Towards Online Real-Time Memory-based Video Inpainting Transformers
Guillaume Thiry, Hao Tang, Radu Timofte, Luc Van Gool
TL;DR
This work addresses online real-time video inpainting by adapting transformer-based models to memory-efficient, real-time inference. It introduces three progressively refined variants—Online baseline, Memory-based, and Refined memory-based—each leveraging past computations and cross-model communication to reach real-time throughput above $20$ FPS while aiming to preserve reconstruction quality. Across three backbones (DSTT, FuseFormer, E2FGVI) and two datasets (DAVIS, YouTube-VOS), the memory-based approaches substantially boost FPS (often $\sim$2–3×) with some quality trade-offs, while the refined model mitigates much of this loss by reinpainting past frames and exchanging information between parallel inpaintors. The results demonstrate a practical path toward live, high-quality video inpainting, with code and pretrained models to be released on acceptance, enabling broader application in live broadcasting and augmented perception.
Abstract
Video inpainting tasks have seen significant improvements in recent years with the rise of deep neural networks and, in particular, vision transformers. Although these models show promising reconstruction quality and temporal consistency, they are still unsuitable for live videos, one of the last steps to make them completely convincing and usable. The main limitations are that these state-of-the-art models inpaint using the whole video (offline processing) and show an insufficient frame rate.
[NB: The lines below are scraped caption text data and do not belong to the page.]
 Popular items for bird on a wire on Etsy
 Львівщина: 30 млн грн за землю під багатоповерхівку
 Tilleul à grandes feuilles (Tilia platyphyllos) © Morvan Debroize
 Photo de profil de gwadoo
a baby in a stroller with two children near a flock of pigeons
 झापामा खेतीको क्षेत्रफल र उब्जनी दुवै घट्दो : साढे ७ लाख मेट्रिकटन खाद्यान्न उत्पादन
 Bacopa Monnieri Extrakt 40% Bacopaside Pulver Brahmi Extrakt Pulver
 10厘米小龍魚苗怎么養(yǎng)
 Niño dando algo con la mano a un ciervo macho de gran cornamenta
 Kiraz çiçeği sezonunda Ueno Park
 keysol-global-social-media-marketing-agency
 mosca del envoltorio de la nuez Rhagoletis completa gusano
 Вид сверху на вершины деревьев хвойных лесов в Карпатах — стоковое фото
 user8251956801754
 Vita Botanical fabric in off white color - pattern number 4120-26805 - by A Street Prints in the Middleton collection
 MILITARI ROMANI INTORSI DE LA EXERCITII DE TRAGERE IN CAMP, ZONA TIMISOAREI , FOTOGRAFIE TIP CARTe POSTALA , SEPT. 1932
In our approach, we propose a framework to adapt existing inpainting transformers to these constraints by memorizing and refining redundant computations while maintaining a decent inpainting quality. Using this framework with some of the most recent inpainting models, we show great online results with a consistent throughput above 20 frames per second. The code and pretrained models will be made available upon acceptance.